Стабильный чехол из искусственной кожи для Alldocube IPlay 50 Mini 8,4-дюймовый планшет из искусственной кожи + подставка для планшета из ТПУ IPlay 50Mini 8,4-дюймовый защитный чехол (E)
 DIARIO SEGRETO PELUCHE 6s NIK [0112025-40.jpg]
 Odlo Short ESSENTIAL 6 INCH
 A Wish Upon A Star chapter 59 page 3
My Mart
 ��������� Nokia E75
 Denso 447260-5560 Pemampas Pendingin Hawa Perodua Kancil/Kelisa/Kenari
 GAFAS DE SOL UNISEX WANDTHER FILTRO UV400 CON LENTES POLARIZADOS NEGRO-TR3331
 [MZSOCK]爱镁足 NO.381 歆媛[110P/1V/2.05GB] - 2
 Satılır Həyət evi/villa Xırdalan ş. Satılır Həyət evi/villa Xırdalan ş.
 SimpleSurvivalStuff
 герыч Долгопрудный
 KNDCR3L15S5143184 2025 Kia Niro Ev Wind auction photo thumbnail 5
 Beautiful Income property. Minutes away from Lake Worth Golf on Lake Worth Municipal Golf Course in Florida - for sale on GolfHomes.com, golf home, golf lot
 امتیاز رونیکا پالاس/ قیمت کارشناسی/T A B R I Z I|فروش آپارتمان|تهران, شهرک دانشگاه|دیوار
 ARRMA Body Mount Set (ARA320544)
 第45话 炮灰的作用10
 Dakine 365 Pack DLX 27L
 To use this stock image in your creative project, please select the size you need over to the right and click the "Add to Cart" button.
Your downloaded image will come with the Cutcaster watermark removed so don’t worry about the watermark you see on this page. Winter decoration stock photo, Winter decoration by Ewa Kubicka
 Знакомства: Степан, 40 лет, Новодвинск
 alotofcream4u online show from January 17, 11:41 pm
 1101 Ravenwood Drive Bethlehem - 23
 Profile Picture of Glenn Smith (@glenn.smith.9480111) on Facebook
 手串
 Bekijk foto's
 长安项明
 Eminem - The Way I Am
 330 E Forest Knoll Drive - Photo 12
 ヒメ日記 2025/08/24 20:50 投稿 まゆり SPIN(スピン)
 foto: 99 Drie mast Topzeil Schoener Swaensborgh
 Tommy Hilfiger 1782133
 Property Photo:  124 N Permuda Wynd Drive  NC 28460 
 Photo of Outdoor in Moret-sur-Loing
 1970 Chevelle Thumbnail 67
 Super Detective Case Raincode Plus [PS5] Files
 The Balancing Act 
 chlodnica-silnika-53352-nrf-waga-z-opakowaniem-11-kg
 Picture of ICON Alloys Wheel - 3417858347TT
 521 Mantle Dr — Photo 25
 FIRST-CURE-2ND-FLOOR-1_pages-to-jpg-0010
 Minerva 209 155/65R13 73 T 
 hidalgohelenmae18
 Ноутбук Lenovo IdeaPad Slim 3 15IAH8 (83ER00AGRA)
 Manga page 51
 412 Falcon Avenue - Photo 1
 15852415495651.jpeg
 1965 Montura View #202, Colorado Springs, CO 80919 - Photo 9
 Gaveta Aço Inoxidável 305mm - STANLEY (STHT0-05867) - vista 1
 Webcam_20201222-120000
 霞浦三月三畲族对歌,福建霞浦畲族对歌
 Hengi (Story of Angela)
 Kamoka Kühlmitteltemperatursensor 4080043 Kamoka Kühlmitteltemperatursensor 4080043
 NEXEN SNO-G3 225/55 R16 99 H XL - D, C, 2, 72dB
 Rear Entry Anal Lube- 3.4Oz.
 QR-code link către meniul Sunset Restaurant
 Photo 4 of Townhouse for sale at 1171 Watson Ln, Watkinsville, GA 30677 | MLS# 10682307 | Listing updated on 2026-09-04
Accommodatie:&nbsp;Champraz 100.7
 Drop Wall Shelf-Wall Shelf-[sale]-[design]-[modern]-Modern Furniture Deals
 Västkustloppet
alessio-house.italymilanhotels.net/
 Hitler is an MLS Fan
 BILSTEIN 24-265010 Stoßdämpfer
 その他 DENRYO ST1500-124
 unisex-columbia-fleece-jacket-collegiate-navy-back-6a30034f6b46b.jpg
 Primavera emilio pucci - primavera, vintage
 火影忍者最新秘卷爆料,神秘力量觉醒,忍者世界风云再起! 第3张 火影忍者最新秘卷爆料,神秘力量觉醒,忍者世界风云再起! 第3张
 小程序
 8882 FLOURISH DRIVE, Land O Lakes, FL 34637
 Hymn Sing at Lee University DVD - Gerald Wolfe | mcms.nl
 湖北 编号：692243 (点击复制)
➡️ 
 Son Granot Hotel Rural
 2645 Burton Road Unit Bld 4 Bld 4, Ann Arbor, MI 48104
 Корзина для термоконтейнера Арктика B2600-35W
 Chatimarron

* * * * * * *

Return every line above exactly as it stands.

Task solution >>
Стабильный чехол из искусственной кожи для Alldocube IPlay 50 Mini 8,4-дюймовый планшет из искусственной кожи + подставка для планшета из ТПУ IPlay 50Mini 8,4-дюймовый защитный чехол (E)
 DIARIO SEGRETO PELUCHE 6s NIK [0112025-40.jpg]
 Odlo Short ESSENTIAL 6 INCH
 A Wish Upon A Star chapter 59 page 3
My Mart
 ��������� Nokia E75
 Denso 447260-5560 Pemampas Pendingin Hawa Perodua Kancil/Kelisa/Kenari
 GAFAS DE SOL UNISEX WANDTHER FILTRO UV400 CON LENTES POLARIZADOS NEGRO-TR3331
 [MZSOCK]爱镁足 NO.381 歆媛[110P/1V/2.05GB] - 2
 Satılır Həyət evi/villa Xırdalan ş. Satılır Həyət evi/villa Xırdalan ş.
 SimpleSurvivalStuff
 герыч Долгопрудный
 KNDCR3L15S5143184 2025 Kia Niro Ev Wind auction photo thumbnail 5
 Beautiful Income property. Minutes away from Lake Worth Golf on Lake Worth Municipal Golf Course in Florida - for sale on GolfHomes.com, golf home, golf lot
 امتیاز رونیکا پالاس/ قیمت کارشناسی/T A B R I Z I|فروش آپارتمان|تهران, شهرک دانشگاه|دیوار
 ARRMA Body Mount Set (ARA320544)
 第45话 炮灰的作用10
 Dakine 365 Pack DLX 27L
 To use this stock image in your creative project, please select the size you need over to the right and click the "Add to Cart" button.
Your downloaded image will come with the Cutcaster watermark removed so don’t worry about the watermark you see on this page. Winter decoration stock photo, Winter decoration by Ewa Kubicka
 Знакомства: Степан, 40 лет, Новодвинск
 alotofcream4u online show from January 17, 11:41 pm
 1101 Ravenwood Drive Bethlehem - 23
 Profile Picture of Glenn Smith (@glenn.smith.9480111) on Facebook
 手串
 Bekijk foto's
 长安项明
 Eminem - The Way I Am
 330 E Forest Knoll Drive - Photo 12
 ヒメ日記 2025/08/24 20:50 投稿 まゆり SPIN(スピン)
 foto: 99 Drie mast Topzeil Schoener Swaensborgh
 Tommy Hilfiger 1782133
 Property Photo:  124 N Permuda Wynd Drive  NC 28460 
 Photo of Outdoor in Moret-sur-Loing
 1970 Chevelle Thumbnail 67
 Super Detective Case Raincode Plus [PS5] Files
 The Balancing Act 
 chlodnica-silnika-53352-nrf-waga-z-opakowaniem-11-kg
 Picture of ICON Alloys Wheel - 3417858347TT
 521 Mantle Dr — Photo 25
 FIRST-CURE-2ND-FLOOR-1_pages-to-jpg-0010
 Minerva 209 155/65R13 73 T 
 hidalgohelenmae18
 Ноутбук Lenovo IdeaPad Slim 3 15IAH8 (83ER00AGRA)
 Manga page 51
 412 Falcon Avenue - Photo 1
 15852415495651.jpeg
 1965 Montura View #202, Colorado Springs, CO 80919 - Photo 9
 Gaveta Aço Inoxidável 305mm - STANLEY (STHT0-05867) - vista 1
 Webcam_20201222-120000
 霞浦三月三畲族对歌,福建霞浦畲族对歌
 Hengi (Story of Angela)
 Kamoka Kühlmitteltemperatursensor 4080043 Kamoka Kühlmitteltemperatursensor 4080043
 NEXEN SNO-G3 225/55 R16 99 H XL - D, C, 2, 72dB
 Rear Entry Anal Lube- 3.4Oz.
 QR-code link către meniul Sunset Restaurant
 Photo 4 of Townhouse for sale at 1171 Watson Ln, Watkinsville, GA 30677 | MLS# 10682307 | Listing updated on 2026-09-04
Accommodatie:&nbsp;Champraz 100.7
 Drop Wall Shelf-Wall Shelf-[sale]-[design]-[modern]-Modern Furniture Deals
 Västkustloppet
alessio-house.italymilanhotels.net/
 Hitler is an MLS Fan
 BILSTEIN 24-265010 Stoßdämpfer
 その他 DENRYO ST1500-124
 unisex-columbia-fleece-jacket-collegiate-navy-back-6a30034f6b46b.jpg
 Primavera emilio pucci - primavera, vintage
 火影忍者最新秘卷爆料,神秘力量觉醒,忍者世界风云再起! 第3张 火影忍者最新秘卷爆料,神秘力量觉醒,忍者世界风云再起! 第3张
 小程序
 8882 FLOURISH DRIVE, Land O Lakes, FL 34637
 Hymn Sing at Lee University DVD - Gerald Wolfe | mcms.nl
 湖北 编号：692243 (点击复制)
➡️ 
 Son Granot Hotel Rural
 2645 Burton Road Unit Bld 4 Bld 4, Ann Arbor, MI 48104
 Корзина для термоконтейнера Арктика B2600-35W
 Chatimarron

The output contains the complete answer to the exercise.